PROBLEM TO WORK ON – Go through the material and copy each line in which the word "speed" shows up.

RECORDS FOR THE TASK –

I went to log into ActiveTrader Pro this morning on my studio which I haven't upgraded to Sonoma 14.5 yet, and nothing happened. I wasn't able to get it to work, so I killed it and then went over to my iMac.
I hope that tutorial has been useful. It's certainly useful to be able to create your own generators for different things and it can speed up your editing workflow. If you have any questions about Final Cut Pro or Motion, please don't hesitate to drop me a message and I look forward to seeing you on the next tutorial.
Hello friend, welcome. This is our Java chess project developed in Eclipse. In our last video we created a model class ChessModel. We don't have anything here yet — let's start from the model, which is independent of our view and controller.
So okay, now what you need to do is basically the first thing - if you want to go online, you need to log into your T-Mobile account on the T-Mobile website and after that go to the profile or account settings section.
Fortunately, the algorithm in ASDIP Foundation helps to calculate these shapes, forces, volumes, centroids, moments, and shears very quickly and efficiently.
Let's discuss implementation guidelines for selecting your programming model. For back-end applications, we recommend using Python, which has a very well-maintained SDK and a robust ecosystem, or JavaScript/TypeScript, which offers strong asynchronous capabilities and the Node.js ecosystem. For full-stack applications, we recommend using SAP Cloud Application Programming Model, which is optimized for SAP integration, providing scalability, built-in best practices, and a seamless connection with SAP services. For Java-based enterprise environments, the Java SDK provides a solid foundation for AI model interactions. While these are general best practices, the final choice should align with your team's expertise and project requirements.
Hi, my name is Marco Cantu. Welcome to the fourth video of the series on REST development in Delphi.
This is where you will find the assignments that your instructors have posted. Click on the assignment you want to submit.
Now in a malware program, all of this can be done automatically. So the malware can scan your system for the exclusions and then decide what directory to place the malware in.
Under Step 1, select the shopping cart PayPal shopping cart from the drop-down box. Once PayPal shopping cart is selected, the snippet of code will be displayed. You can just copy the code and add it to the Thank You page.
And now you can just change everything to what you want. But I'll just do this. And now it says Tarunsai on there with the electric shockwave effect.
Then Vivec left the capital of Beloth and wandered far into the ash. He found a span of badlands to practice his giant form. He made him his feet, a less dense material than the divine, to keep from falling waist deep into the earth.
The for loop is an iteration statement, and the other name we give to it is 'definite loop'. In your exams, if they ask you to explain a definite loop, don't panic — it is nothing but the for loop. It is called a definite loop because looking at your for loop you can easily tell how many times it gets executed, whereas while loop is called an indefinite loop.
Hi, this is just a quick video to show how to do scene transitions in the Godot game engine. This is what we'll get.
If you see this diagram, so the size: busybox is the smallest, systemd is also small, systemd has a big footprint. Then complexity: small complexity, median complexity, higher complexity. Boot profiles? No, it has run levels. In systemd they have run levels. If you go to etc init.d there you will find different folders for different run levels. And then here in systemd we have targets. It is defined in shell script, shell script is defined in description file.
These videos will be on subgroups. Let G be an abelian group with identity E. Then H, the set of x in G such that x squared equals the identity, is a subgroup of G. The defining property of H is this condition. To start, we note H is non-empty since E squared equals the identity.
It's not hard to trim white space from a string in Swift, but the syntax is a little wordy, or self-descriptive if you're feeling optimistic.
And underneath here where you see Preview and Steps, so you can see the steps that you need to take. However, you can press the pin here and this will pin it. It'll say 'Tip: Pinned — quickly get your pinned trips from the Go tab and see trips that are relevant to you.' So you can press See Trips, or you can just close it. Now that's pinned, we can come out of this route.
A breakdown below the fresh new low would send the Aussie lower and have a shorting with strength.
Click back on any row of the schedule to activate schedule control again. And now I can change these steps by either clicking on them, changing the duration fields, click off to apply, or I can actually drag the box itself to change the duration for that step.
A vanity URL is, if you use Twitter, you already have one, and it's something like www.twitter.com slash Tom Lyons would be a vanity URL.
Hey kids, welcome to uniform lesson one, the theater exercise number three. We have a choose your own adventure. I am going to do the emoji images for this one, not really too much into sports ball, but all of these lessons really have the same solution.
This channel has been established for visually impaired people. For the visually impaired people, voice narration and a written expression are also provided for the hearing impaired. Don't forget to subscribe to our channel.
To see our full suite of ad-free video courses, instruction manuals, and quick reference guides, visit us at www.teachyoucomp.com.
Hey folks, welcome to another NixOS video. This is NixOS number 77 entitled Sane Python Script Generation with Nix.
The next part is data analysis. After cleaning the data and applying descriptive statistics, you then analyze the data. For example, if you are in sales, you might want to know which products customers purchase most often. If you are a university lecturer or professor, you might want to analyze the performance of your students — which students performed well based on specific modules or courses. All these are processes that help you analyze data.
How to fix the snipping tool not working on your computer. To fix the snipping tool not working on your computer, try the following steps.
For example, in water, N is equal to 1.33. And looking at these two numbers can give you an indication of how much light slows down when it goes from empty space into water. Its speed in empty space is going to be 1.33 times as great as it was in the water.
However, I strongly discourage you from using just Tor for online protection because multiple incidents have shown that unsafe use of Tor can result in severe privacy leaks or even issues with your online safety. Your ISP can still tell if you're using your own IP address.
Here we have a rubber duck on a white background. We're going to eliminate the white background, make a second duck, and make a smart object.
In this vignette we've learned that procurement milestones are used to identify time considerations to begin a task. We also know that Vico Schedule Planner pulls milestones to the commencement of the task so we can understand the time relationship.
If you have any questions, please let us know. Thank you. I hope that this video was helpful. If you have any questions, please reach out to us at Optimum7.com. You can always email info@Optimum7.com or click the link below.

OUTPUT FOR THIS EXERCISE –
I hope that tutorial has been useful. It's certainly useful to be able to create your own generators for different things and it can speed up your editing workflow. If you have any questions about Final Cut Pro or Motion, please don't hesitate to drop me a message and I look forward to seeing you on the next tutorial.
For example, in water, N is equal to 1.33. And looking at these two numbers can give you an indication of how much light slows down when it goes from empty space into water. Its speed in empty space is going to be 1.33 times as great as it was in the water.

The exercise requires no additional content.